LibGuides: Digital Scholarship Resources: Text Mining

About this guide

Text mining is a useful methodology to explore large texts or collections of texts. This guide is in development -- and I'll continue to update it. Please reach out if you'd like help in this area.

Voyant

Voyant is a web-based text reading and analysis environment. It has sample corpora and you can upload your own collection in a variety of formats, including plain text, HTML, XML, PDF, RTF, and MS Word.

To try one sample for the purposes of this guide, we'll use the University of North Carolina library's North American Slave Narrative Collection.

Go to Voyant Tools

Upload your corpus. Navigate to the location you’ve saved the North American Slave Narrative Collection. For many of you, this will be your desktop. Go to na-slave-narratives > data > texts. Then select all texts. For many operating systems, you can select all texts by clicking ⌘ A on a Mac). For Windows 8 or 10, click “Edit” in the menu bar at the top of the window, and click “Select All” on the drop-down menu. Click “Open” on in the lower right-hand corner.

Analyze the visualizations

You should see three visualizations on your screen.

Cirrus: a word cloud that displays the highest frequency terms – the larger the term, the more frequent it is. Hover over a word to see additional information.
Summary: Basic information about the text, including the number of words, the length of documents, vocabulary density, and distinctive words for each document.
Corpus Reader: This allows you to read the text(s) in the collection – more text will appear as you scroll. You can hover over words to view their frequency and click to see more information.

When you click on a word in the Cirrus word cloud, you'll then see that the graph to your right hand side changes to that specific word. You'll be able to see each individual text file in the "Corpus (Documents)" section and find the relative frequency of the word you've chosen in each of the documents. You'll see a keyword in context view on the bottom left hand size that tells you the words that come before and after your query. The reader view in the middle of your page offers a view of the full text of a given document.

Voyant has a lot of great documentation on its site. Also, please see this helpful tutorial by Miriam Posner.

AntConc

Laurence Anthony’s Antconc is a freeware concordance program for Windows, Mac, and Linux. Download: http://www.laurenceanthony.net/software/antconc/. Antconc works on plain text files with the file appendix .txt. This section offers some basic information about the tool.

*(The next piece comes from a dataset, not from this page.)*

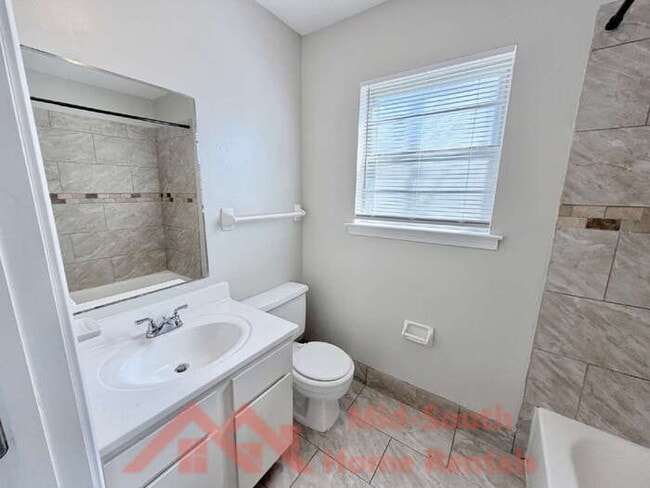 Building Photo - 7029 Tree Line Cove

If you're interested in using the tool for your research, please feel free to schedule an appointment with me and we can cover the ins and outs of the tool.

You’ll see 7 tabs across the top:

Concordance: This will show you what’s known as a Keyword in Context view (abbreviated KWIC, more on this in a minute), using the search bar below it.

Concordance Plot: This will show you a very simple visualization of your KWIC search, where each instance will be represented as a little black line from beginning to end of each file containing the search term.

File View: This will show you a full file view for larger context of a result.

Clusters: This view shows you words which very frequently appear together.

Collocates: Clusters show us words which _definitely _appear together in a corpus; collocates show words which are statistically likely to appear together.

Word list: All the words in your corpus.

Keyword List: This will show comparisons between two corpora.

Let’s get started.

Load files. To load one file for viewing, click “Open File.” To load a corpora of files, click “Open Dir.” For our purposes, click “Open Dir”

Navigate to our corpora on your desktop. After clicking the proper file, you should see the files loading into Antconc.

Search. In the search box, type the word “apple” to see how many times “apple” appears in the corpus and what words exist around it. Click “Start” when you’re ready to see this.

If you want to search for the singular and plural version of a word, such as “women” and “woman,” Antconc has “Wildcard settings” that allow for this.

Try typing wom?n into the search box.

Try typing m?n into the search box.

Why are there so many more instances of men than women? Take a look at the Concordance Plot Tool tab to see where results appear in target texts. Hover over one of the instances, and a hand will appear. Click the result to see how the “File View” or the word or phrase in context. Click on the “Clusters/N-Grams” tab and search for “wom?n” again. You’ll see each instance of the word “women” or “woman” in the context of the text.

See any words you'd rather didn't appear in AntConc? Configure Antconc to apply to texts a stopwords file

1. Click on the tab for "Tool Preferences"

2. In the window that opens, click on the left Category sidebar on "Word List"

3. Check the button for "Use a stoplist below"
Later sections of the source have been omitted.